_Task statement_.
Aside from the pictures, copy the listing exactly.

_Data below_.

===

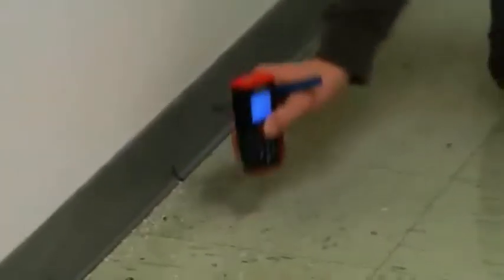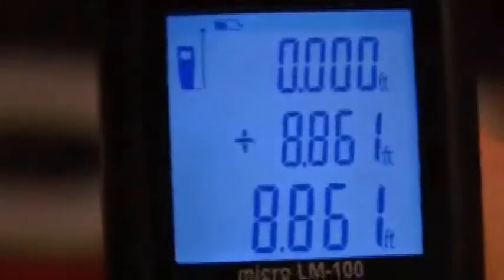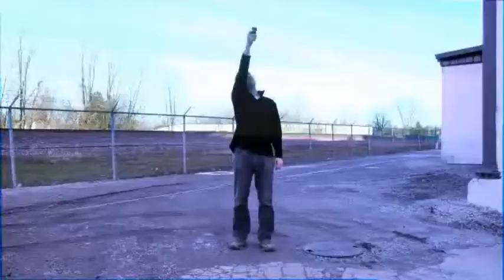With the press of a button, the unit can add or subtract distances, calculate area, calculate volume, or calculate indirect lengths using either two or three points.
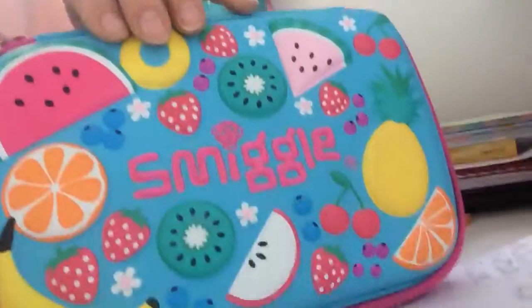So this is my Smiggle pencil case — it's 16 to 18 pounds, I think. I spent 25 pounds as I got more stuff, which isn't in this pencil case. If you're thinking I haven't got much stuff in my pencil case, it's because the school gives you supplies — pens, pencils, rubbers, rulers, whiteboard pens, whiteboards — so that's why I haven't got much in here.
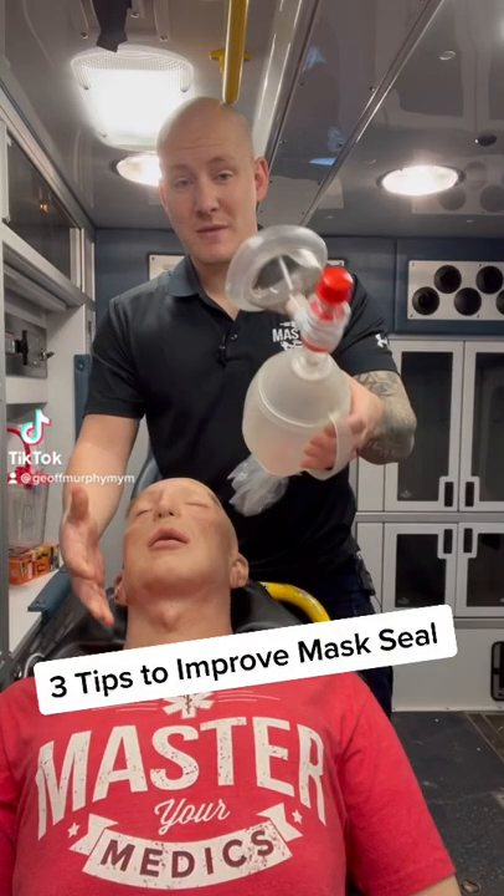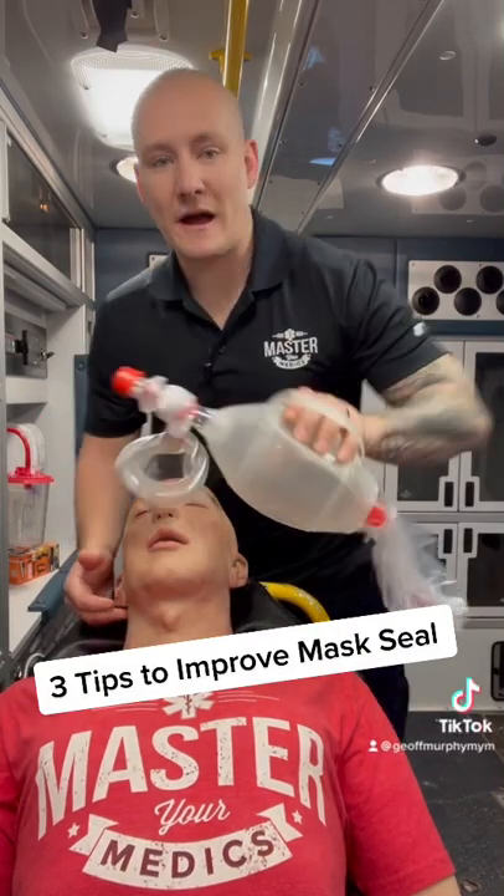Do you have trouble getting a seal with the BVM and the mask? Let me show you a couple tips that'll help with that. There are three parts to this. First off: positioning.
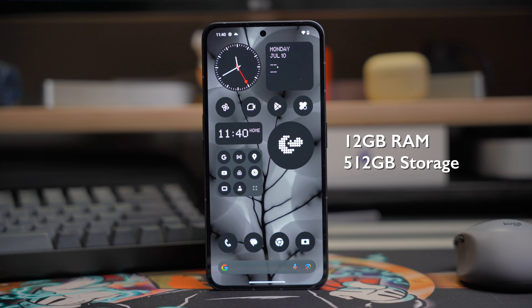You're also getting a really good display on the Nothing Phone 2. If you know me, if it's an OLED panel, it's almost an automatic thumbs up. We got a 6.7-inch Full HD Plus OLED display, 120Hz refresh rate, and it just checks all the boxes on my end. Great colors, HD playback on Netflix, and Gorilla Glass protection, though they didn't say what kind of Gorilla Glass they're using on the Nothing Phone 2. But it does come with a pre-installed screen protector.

===

_Response to this exercise_.
With the press of a button, the unit can add or subtract distances, calculate area, calculate volume, or calculate indirect lengths using either two or three points.
So this is my Smiggle pencil case — it's 16 to 18 pounds, I think. I spent 25 pounds as I got more stuff, which isn't in this pencil case. If you're thinking I haven't got much stuff in my pencil case, it's because the school gives you supplies — pens, pencils, rubbers, rulers, whiteboard pens, whiteboards — so that's why I haven't got much in here.
Do you have trouble getting a seal with the BVM and the mask? Let me show you a couple tips that'll help with that. There are three parts to this. First off: positioning.
You're also getting a really good display on the Nothing Phone 2. If you know me, if it's an OLED panel, it's almost an automatic thumbs up. We got a 6.7-inch Full HD Plus OLED display, 120Hz refresh rate, and it just checks all the boxes on my end. Great colors, HD playback on Netflix, and Gorilla Glass protection, though they didn't say what kind of Gorilla Glass they're using on the Nothing Phone 2. But it does come with a pre-installed screen protector.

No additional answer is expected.